George W. Bush returned to his ranch in Crawford to clear brush after finishing a bruising second term and a presidency marred by war. Jimmy Carter went back to Plains to lick his wounds. Richard Nixon flew west for solitary walks, feet encased in black wingtips, along the crystalline beaches of San Clemente.
Nixon’s banishment, of course, was the most memorable. On August 9, 1974, over Jefferson City, Missouri, clocks in the nation’s capital struck high noon and Nixon, disgraced by Watergate, ceased to be president. Silence enveloped Air Force One, save for an aide who muttered “Air Force Once.” Nixon sipped a martini in his cabin, press secretary Ron Ziegler beside him. In another cabin, Pat Nixon, solemn as a church, thought about writing thank-you notes. A few days earlier, she was overheard telling her husband, according to accounts in The Atlantic, “You’ve ruined my life.”
While political exile is exceedingly painful, one surely cannot compare the personal trauma a big-city mayor experiences when tossed from office to that of a U.S. president forced into an unceremonious, and humiliating, retirement. Still, electoral rejection at any level is often soul-crushing—even for a community activist turned Seattle mayor. It hurts. It gnaws. It steals sleep. It takes time for the wounds to heal.
“Yes, I wanted to win, and it is disappointing,” reflects Mike McGinn on a recent breezy, sunlit evening. “You know, the first time I won with only 51 percent, and this time I lost with 47.5 percent. So the difference between victory and defeat is very small. So I lost the mayor’s race. What else do I have to complain about?”
McGinn has mellowed since losing his bid for a second term four months ago. He’s 54 and looking good. He’s relaxed, his spirits are high, and he remains, as he’s prone to boast, an ever-present scoring threat on the basketball court. “I can still stick the open 15-footer,” the happy hoopster says with a wink.
At his invitation, I met with McGinn, who has studiously avoided the spotlight since leaving office, at a function of the Social Justice Fund. The organization promotes the creation of “a just society” through fundraising and enlisting “progressive” people to get involved in their community. McGinn, naturally, joined their Board of Directors. He’s here this night to champion another of his favorite causes, the Environmental Justice Giving Project.
At the Impact Hub building in Pioneer Square, across the street from the Union Gospel Mission, young white liberals, mostly, are drinking wine and munching hummus-slathered crackers and carrot sticks. Many of them come up to McGinn, clad in a blue shirt and gray cords, to extend their well-wishes.

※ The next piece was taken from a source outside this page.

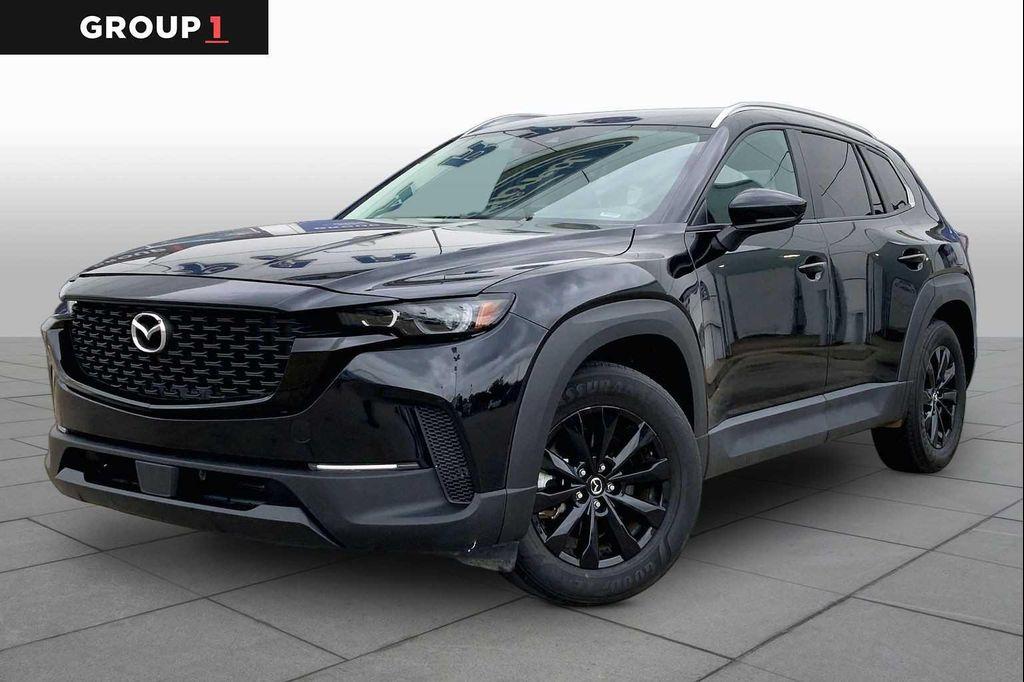 Mazda CX-50 2023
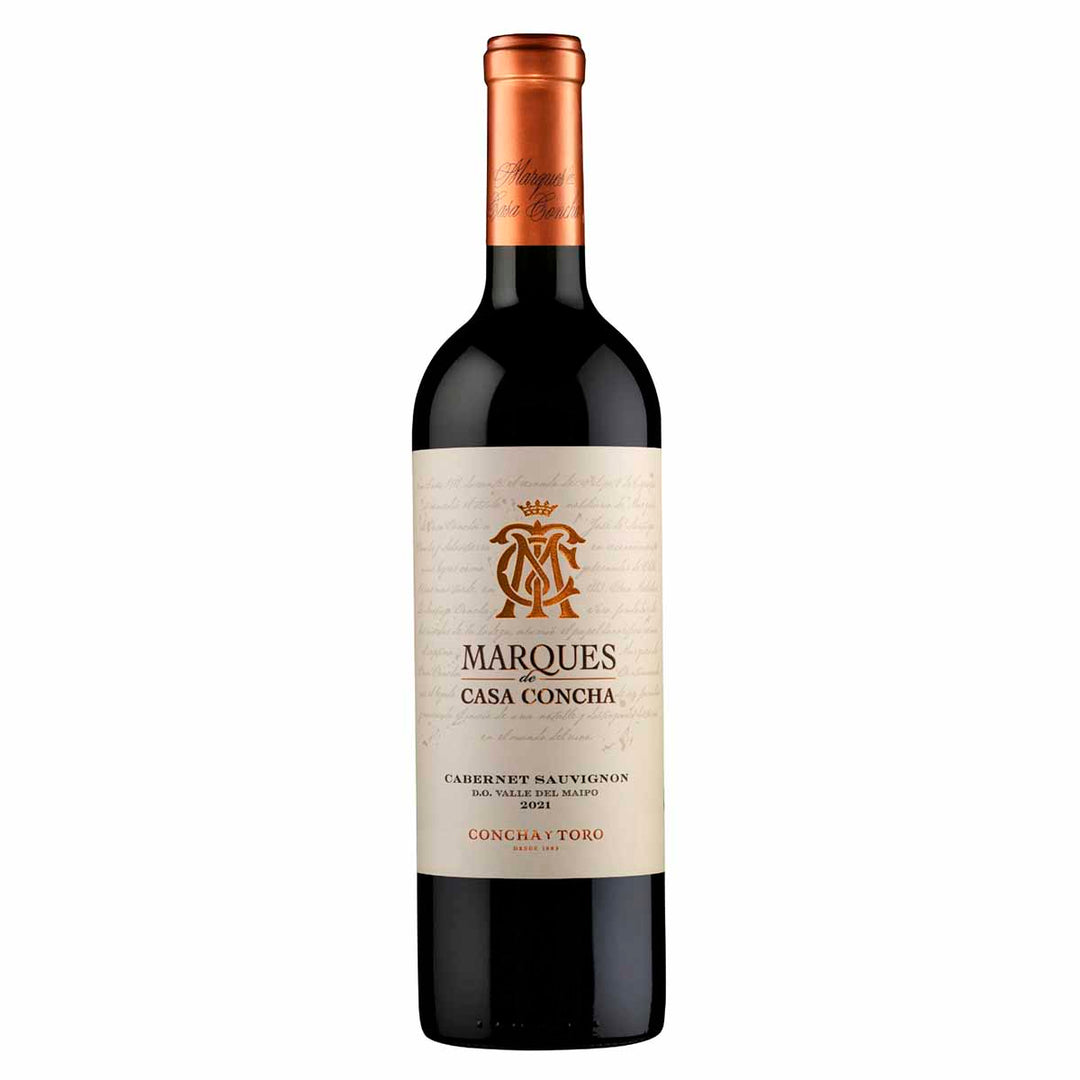 MARQUES DE CASA CONCHA CABERNET SAUVIGNON 750 ML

Huddling in private before his brief speech to the Social Justice crowd, McGinn says with mock seriousness that he’s not used to talking with the media.“Come on, Mike, you don’t forget,” I joke. “It’s like riding a bicycle.” He laughs.
Asked what those first days out of office were like, McGinn seems unsure how to respond. For all his Irish gift of gab, the New York–raised former neighborhood and Sierra Club activist is more comfortable, and accustomed to, addressing policy questions.
“It was an opportunity to relax, to reconnect with old friends in a leisurely way,” he volunteers. “I have a great family, and I’ve had more time to spend with them, more time to see my kids’ games.” And more time to get his pictures up on Instagram, including shots of “squash ready for roasting,” a selfie with ex-Seattle Times reporter Emily Heffter, and a photo of a bouquet of flowers that someone placed on his bike.
“I’ve been staying busy,” he adds, noting that he’s helping the Sierra Club make political endorsements and has been tapped to be on the speaker’s bureau for 350.org, an international global-climate organization.
McGinn has no interest in returning to law. He says it is social activism and remaining integrally involved in the Seattle community that gets his juices flowing. For years he worked as a corporate litigator at Stokes Lawrence—a Seattle law firm where he eventually made partner in the early 1990s. But being mayor, he says, has created within him an appetite for things much larger than toiling in a law office.
“I grew as a person [as mayor], and it made me a better person for sure, so right now, I’m doing some fact-finding stuff. Talking, reaching out, reconnecting, and making new connections. I’m just getting the lay of the land. I’m not sure what’s next.”
McGinn concedes that there are many days when he can’t help but second-guess his second ill-fated campaign for mayor. “Yes, I revisit it, wondering what I might have done differently, but then you have to move on.”
As to whether he has any thoughts on Ed Murray’s first 100 days, McGinn shoots a flinty stare. Then he mellows and says with smile and a mischievous look, “During the campaign I always said, ‘There’s no such thing as mayor’s school.’ ”
I ask him whether he’ll run again. “I have not closed the door to run for political office,” he replies. “But to run, all the planets have to align—like they did in 2009. And if they do align again—well, awesome. If not, I’ll be doing something that I think is important, working with others to make our community better.”